Courtesy of Music Minds Matter

Artwork by Music Minds Matter

 

One of the principal tenets in all Eastern spiritual traditions is that we are not our thoughts, or our bodies or our emotions. The primary teaching of the great Indian spiritual master Ramana Maharshi (1879-1950) was to ask his devotees to enquire,

“To whom does this thought arise?”

as a way to separate Soul from mind (and emotions, and body). Whenever you notice your mind is busy judging your playing, withdraw your energy from your thoughts, i.e. the internal commentary of your playing, and focus on the playing itself, your breath, and relaxing your body. By learning to become an observer of our thoughts rather than a participant in them, they won’t disappear, but their influence on us will decrease and they’re less likely to snowball and suck us into their magnetic pull. It might be additionally helpful when noticing negative inner dialogue to counteract it with some inner, or outer, words of encouragement that get us back on a positive track.

Acknowledging imperfections and remaining neutral is a very different headspace from negative self-criticism and judgement. It’s a paradox that to improve we need to have musical goals and to be honest about where we have room for improvement – the future, but for the most productive practice we have to be effective in what we’re doing right now – the present.

As a teacher I’m regularly assisting students to play music that’s challenging them and in a phrase that might have say eight notes it is often only two or three notes that are creating a problem. In spite of this students will keep repeating the whole phrase with little improvement, hoping for that one magical pass. Why would they waste their valuable practice time on the notes they can already play?
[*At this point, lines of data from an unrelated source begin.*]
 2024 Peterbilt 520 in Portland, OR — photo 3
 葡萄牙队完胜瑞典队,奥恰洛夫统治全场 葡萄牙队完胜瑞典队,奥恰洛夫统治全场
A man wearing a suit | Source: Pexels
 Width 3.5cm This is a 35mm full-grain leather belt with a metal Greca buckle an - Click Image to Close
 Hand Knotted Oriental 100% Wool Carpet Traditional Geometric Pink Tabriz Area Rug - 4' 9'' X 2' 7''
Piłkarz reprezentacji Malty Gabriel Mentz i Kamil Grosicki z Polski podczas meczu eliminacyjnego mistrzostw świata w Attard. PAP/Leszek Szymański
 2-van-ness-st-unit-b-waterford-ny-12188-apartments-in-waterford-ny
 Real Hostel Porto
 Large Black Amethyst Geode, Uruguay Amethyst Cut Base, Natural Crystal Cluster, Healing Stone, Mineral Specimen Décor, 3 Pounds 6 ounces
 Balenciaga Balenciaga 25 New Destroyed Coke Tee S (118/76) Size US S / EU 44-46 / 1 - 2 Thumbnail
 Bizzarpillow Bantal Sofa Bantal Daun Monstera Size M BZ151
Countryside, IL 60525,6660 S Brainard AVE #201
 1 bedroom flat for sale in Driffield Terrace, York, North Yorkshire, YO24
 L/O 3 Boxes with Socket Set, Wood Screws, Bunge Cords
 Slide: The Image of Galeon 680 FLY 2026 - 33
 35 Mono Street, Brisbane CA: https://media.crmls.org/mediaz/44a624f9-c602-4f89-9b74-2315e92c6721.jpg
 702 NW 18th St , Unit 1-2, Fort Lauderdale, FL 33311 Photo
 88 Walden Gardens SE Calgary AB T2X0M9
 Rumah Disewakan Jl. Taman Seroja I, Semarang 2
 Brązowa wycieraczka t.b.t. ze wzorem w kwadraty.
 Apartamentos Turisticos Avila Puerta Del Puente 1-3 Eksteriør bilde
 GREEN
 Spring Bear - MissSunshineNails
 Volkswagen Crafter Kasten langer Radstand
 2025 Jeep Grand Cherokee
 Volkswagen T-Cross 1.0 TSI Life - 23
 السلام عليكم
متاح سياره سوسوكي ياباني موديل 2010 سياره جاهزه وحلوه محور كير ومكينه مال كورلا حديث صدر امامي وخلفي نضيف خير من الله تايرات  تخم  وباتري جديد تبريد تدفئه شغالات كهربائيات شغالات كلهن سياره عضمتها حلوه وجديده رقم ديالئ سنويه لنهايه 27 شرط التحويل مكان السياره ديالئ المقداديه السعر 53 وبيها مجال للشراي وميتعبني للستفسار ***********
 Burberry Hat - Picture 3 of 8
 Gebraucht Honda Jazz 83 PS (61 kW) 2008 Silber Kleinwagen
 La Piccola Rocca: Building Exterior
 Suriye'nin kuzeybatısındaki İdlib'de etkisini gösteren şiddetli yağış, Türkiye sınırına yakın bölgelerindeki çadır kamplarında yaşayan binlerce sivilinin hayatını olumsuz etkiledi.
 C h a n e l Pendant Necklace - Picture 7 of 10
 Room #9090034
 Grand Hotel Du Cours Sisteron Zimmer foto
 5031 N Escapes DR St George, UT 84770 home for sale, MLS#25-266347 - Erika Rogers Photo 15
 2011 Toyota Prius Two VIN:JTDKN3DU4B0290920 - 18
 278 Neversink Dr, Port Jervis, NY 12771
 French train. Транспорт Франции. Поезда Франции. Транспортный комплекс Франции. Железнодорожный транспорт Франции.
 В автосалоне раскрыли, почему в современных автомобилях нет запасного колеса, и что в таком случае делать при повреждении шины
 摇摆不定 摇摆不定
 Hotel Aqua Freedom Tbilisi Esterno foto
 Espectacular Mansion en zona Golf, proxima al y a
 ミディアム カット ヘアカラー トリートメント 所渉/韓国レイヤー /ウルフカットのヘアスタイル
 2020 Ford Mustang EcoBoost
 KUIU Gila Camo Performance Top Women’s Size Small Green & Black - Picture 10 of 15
Here are a few possible reasons:

  1. Lack of attention to detail. Not noticing or hearing that the fingering between notes 6 and 7 is clumsy and making note 7 late and note 6 have poor tone. For students the ability to perceive crucial, small details improves over time as your ears improve but excessive mental chatter also robs a percentage of our attention. Try recording yourself if you’re struggling to notice small details in real time and imagine you are a teacher giving advice to a student. Use positive, encouraging dialogue.
  2. All focus is on the destination e.g.playing the phrase in its entirety, rather than the journey e.g. constant refinement of skills. The positive self talk in this case requires addressing impatience but it’s also a sign your mind may be distracted and in the future rather than present with what’s right in front of you.
  3. Work ethic – If I work on just notes 6 and 7 then I’ll be working hard, mentally and physically, 100% of the time. If I play the whole phrase I’m only working on hard stuff for 25% of the time. There are no shortcuts. Create an exercise out of those two notes that really challenges you. Play it every day for weeks or months if needed. Don’t waste time on the other six notes. No one ever won an Olympic medal without developing serious stamina and learning to enjoy sweating.
  4. Self-Esteem. What??? I want to feel good about my playing, not disheartened or inadequate. (notice that our focus has now shifted from thoughts to feelings). If I play only notes 6 and 7 then I’m struggling the whole time. Celebrate the fact that you have found something specific to work on that will make you a better player. Sometimes it’s hard to know what to practise so this is actually great news. If you notice yourself being particularly judgemental or overly critical of your playing then you could benefit by working on your self-esteem, aka self-acceptance. The areas in life that we are most passionate about will always present us with the most challenging opportunities for personal growth.

Improving self-esteem will actually contribute to quietening the inner critic, help you to be more present in your own practice and allow you to enjoy your music more, wherever you find yourself in your musical trajectory right now. You’ll still have to practise your scales though!